Naquele vazio de uma derrota até hoje dolorida, houve quem se defendesse mostrando a foto de um outro Brasil, um Brasil que, segundo jornais da época, “soube honrar o futebol nacional”.
O consolo para os fronteiriços vinha da proeza de um clube do interior gaúcho, 119 dias antes da maior tragédia do futebol brasileiro. Em 19 de março, o Brasil de Pelotas bateu por 2 a 1 o Uruguai, com Máspoli, Ghiggia e Obdúlio Varela em campo. Detalhe: no Centenário.
Foi uma estupenda malcriação do clube que, hoje na Série D, tem uma das torcidas mais apaixonadas do Sul. “Fiz contorcionismo para sintonizar a rádio de Montevidéu e fomos invadidos por uma felicidade extrema quando o jogo acabou”, relembra-se Clóvis Russomano, torcedor octogenário do Xavante, apelido do clube.

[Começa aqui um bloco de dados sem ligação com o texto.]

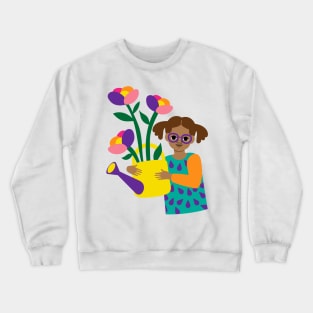 Watering Can Flowers Crewneck Sweatshirt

tiro n’água/ Para quem entra no país pelo Sul, Pelotas é a primeira cidade com mais de 300 mil habitantes. Mas não foi só pela logística que a Federação Uruguaia fez o convite para o amistoso. Havia a intenção de testar a Celeste contra um time brasileiro, mas sem se expor a grandes riscos. “Eles nos queriam para ‘sparring’, mas a coisa não saiu como os castelhanos esperavam”, orgulha-se Claudio de Andrea, organizador do livro “Identidade Xavante”.
Por se tratar de um amistoso, sobravam lugares no Centenário. Mas fotos mostram a tribuna tomada de torcedores. Todos se tornaram testemunhas da tarde inspirada de um conterrâneo. Uruguaio, o goleiro Raul Arizabalo chegou a Pelotas em 1949. Esguio, de temperamento glacial, parou o ataque que meses depois arruinaria a reputação de Barbosa, no Maracanã.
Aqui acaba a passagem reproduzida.